Coringa | Precisamos falar algumas verdades sobre o filme

    Coringa

    Bem antes de chegar aos cinemas o filme do Coringa já deu o que falar: especulações sobre o envolvimento de Martin Scorsese, ovacionado e premiado em Veneza, apontado como obra-prima por uns e como gatilho perigoso por outros. Tudo é megalomaníaco quando o assunto é este filme, o que, claro, aumenta o buzz e a bilheteria. Mas a verdade é que ele é um filme ok, nada mais.

    Aviso: Se você veio a esse post achando que não ia ter spoiler, achou errado! 

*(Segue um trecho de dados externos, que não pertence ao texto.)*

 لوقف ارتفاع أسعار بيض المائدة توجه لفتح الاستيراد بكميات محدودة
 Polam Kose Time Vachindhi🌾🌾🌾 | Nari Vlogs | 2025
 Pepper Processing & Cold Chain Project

    Não vou me prolongar na sinopse porque a estas alturas você já deve saber que é uma história de origem do principal vilão do Batman, de como Arthur Fleck (Joaquin Phoenix) virou o Coringa, o Palhaço, o Joker. Você também já deve ter ouvido que o filme não se parece com filme de quadrinhos (vdd) e que é um profundo ensaio psicológico sobre o personagem, o que é parcialmente verdade.

    Coringa

    Vamos partir do princípio que a base de comparação de Coringa será inevitavelmente outros filmes de quadrinhos, principalmente os que envolvem super-heróis. Pensando desta forma o filme é, sim, mais profundo. Mas se a gente parar pra pensar que filmes como Vingadores e Liga da Justiça têm a profundidade de um pires, Coringa é no máximo um prato de sopa.

    A premissa do filme de Todd Phillips é de que Arthur é quase um pária da sociedade: ele sofre de problemas psicológicos, vive em um abarrotado apartamento com a mãe que tem problemas de saúde, trabalha como palhaço em lojas e eventos e sonha em se tornar um famoso comediante. Além disso ele apanha algumas vezes de uns moleques na rua sem motivo algum e tem consultas constantes com uma assistente social/psicóloga. Temos a soma de fatores psicológicos e sociais para o nosso vilão.

    Estes elementos compõem o primeiro ato e dão um prato cheio para Joaquin Phoenix fazer o que ele faz de melhor: interpretar um cara solitário, esquisitão e que parece uma bomba-relógio (a gente já viu isso em Ela e em Você nunca esteve realmente aqui). Ele é o show do negócio, dominando quase todo o tempo de tela do filme. Não há ação sem que ele esteja por perto.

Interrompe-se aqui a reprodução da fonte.